Quirk grunted and locked his hands behind his head as he leaned back further in his chair. The muscles in his upper arm swelled against the shirt sleeve.

“So who’s looking after her now?” he said.

“Nobody that I know of. That’s why I’m interested in the reality of the threats.”

“You know how it is,” Quirk said. “We got no facts. How can we? Anonymous phonecalls don’t lead anywhere. If I had to guess, I guess there might be some real danger.”

“Yeah, me too,” I said. “What bothers you?”

“Well, the threat to harm her if the book wasn’t suppressed. I mean, there were already copies of the damned thing around in galleys or whatever they are. The damage had been done.”

“Why doesn’t that make you feel easier?” I said. “Why isn’t it just a crank call, or a series of crank calls?”
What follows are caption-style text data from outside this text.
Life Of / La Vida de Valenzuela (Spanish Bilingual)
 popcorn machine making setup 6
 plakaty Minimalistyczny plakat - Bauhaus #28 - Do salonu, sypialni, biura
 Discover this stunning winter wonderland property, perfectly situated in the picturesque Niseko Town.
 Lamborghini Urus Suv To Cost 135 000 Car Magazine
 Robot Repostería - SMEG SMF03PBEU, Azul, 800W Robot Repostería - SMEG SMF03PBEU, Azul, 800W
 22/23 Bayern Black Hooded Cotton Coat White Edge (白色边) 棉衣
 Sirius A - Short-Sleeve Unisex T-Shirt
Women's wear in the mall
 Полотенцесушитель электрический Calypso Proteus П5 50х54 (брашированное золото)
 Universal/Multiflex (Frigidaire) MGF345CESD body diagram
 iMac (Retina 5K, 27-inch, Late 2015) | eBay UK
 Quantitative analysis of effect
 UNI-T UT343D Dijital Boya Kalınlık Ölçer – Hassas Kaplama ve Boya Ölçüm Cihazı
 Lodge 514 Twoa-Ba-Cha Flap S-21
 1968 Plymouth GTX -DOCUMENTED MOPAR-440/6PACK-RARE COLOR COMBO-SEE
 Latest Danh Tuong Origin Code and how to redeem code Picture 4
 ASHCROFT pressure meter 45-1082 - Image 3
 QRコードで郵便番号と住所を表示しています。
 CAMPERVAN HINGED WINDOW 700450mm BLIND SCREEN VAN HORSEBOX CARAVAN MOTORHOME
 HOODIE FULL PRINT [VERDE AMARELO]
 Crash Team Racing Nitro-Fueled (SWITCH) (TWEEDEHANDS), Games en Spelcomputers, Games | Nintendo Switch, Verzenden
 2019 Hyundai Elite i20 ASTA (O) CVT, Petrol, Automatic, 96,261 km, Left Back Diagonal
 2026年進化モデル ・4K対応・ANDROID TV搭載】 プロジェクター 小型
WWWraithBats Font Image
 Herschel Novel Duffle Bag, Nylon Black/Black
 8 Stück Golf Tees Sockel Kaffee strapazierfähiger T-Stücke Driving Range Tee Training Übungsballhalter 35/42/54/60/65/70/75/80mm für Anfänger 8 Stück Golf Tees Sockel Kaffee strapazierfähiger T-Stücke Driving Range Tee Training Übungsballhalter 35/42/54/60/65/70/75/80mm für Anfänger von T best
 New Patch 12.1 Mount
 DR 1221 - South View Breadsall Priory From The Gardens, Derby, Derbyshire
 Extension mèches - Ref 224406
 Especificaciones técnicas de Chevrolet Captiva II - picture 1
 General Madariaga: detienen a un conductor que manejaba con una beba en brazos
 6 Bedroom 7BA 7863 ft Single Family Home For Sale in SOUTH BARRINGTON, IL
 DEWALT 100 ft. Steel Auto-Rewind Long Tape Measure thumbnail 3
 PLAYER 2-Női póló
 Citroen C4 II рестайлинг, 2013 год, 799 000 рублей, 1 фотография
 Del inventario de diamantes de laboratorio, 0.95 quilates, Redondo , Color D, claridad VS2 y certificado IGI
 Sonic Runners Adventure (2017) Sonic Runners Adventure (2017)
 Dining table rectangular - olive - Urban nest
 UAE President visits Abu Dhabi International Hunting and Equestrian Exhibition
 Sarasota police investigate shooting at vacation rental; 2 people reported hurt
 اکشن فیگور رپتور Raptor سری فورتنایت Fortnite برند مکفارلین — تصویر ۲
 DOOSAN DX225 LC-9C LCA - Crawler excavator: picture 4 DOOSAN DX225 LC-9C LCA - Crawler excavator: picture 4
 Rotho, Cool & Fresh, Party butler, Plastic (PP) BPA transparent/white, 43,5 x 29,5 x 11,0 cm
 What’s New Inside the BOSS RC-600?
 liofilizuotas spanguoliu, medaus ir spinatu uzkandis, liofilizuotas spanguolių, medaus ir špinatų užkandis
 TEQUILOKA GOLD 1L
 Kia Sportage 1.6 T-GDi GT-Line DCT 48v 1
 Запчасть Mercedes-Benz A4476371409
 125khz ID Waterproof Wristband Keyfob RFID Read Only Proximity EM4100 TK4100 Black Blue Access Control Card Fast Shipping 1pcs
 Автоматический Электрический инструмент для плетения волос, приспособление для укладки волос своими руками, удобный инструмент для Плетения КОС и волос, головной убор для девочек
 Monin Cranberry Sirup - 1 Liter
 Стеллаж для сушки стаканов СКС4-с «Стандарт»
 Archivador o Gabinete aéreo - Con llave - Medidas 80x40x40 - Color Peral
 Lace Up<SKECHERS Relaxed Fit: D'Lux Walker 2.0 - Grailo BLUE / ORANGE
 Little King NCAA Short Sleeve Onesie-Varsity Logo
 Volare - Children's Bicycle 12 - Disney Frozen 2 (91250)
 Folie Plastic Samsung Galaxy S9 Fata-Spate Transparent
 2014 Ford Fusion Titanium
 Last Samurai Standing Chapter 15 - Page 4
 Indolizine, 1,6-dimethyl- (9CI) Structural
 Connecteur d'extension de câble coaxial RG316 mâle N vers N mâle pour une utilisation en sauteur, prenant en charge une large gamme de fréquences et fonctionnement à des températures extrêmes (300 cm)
“How would a crank caller even know about the book? Or her? I’m not saying it’s sure. I mean it could be some numb-nuts in the publishing company, or at the printer, or anywhere that they might see the book. But it feels worse than that. It has a nice, steady hostile feel of organized opposition.”

“Balls,” I said.

“You don’t agree,” Quirk said.

“No. I do. That’s what bothers me. It feels real to me, too. Like people who want that book suppressed not because it tells secrets, but because it argues something they don’t want to hear.”

Quirk nodded. “Right. It’s not a matter of keeping a secret. If we’re right, and we’re both guessing, it’s opposition to her opinion and her expression of it. But we are both guessing.”

“Yeah, but we’re good guessers,” I said. “We have some experience in the field.”

Quirk shrugged. “We’ll see,” he said.

“Also, somebody made what looked like a professional try at her a couple nights ago.”

“Good how promptly you reported it to the authorities,” Quirk said.